Transcribe the data exactly, stopping after the "Loewe Blue Chain-Detailed Denim Shirt Dress" line.

Data excerpts:
◇ ◇ ◇

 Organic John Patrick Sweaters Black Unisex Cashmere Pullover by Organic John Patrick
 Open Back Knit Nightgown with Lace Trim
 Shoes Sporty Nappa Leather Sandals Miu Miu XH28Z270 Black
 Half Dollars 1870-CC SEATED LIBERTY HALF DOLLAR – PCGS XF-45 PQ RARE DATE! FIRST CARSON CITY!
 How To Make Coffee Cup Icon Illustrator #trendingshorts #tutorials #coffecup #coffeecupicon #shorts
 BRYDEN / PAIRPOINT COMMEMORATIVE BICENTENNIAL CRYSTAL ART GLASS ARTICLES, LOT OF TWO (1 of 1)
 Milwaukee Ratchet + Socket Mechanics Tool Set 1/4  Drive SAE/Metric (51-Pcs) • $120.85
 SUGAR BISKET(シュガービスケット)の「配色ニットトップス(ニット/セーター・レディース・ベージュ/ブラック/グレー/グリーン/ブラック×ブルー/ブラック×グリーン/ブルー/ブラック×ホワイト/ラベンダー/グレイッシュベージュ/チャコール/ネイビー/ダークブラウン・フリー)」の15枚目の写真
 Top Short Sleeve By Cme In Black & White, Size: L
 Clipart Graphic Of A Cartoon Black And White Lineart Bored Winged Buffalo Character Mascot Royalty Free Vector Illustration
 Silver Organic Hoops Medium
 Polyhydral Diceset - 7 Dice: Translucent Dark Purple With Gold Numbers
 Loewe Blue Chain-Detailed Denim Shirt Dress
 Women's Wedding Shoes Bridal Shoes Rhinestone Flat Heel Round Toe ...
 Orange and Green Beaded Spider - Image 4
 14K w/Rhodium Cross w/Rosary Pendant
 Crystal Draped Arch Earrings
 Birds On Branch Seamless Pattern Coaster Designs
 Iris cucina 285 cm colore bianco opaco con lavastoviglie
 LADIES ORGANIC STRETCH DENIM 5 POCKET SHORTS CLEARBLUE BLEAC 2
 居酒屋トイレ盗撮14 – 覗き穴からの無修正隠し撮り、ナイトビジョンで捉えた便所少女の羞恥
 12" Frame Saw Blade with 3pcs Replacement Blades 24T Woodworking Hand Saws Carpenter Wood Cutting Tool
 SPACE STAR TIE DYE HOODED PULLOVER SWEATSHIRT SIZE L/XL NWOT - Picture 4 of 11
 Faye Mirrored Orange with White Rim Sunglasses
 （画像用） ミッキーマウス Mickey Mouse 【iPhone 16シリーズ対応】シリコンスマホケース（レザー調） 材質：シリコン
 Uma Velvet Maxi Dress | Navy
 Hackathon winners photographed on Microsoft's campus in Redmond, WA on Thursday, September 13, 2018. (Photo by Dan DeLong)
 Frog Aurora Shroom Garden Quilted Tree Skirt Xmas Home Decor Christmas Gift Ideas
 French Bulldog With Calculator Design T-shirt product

◇ ◇ ◇

> _Solution for this problem_:
 Organic John Patrick Sweaters Black Unisex Cashmere Pullover by Organic John Patrick
 Open Back Knit Nightgown with Lace Trim
 Shoes Sporty Nappa Leather Sandals Miu Miu XH28Z270 Black
 Half Dollars 1870-CC SEATED LIBERTY HALF DOLLAR – PCGS XF-45 PQ RARE DATE! FIRST CARSON CITY!
 How To Make Coffee Cup Icon Illustrator #trendingshorts #tutorials #coffecup #coffeecupicon #shorts
 BRYDEN / PAIRPOINT COMMEMORATIVE BICENTENNIAL CRYSTAL ART GLASS ARTICLES, LOT OF TWO (1 of 1)
 Milwaukee Ratchet + Socket Mechanics Tool Set 1/4  Drive SAE/Metric (51-Pcs) • $120.85
 SUGAR BISKET(シュガービスケット)の「配色ニットトップス(ニット/セーター・レディース・ベージュ/ブラック/グレー/グリーン/ブラック×ブルー/ブラック×グリーン/ブルー/ブラック×ホワイト/ラベンダー/グレイッシュベージュ/チャコール/ネイビー/ダークブラウン・フリー)」の15枚目の写真
 Top Short Sleeve By Cme In Black & White, Size: L
 Clipart Graphic Of A Cartoon Black And White Lineart Bored Winged Buffalo Character Mascot Royalty Free Vector Illustration
 Silver Organic Hoops Medium
 Polyhydral Diceset - 7 Dice: Translucent Dark Purple With Gold Numbers
 Loewe Blue Chain-Detailed Denim Shirt Dress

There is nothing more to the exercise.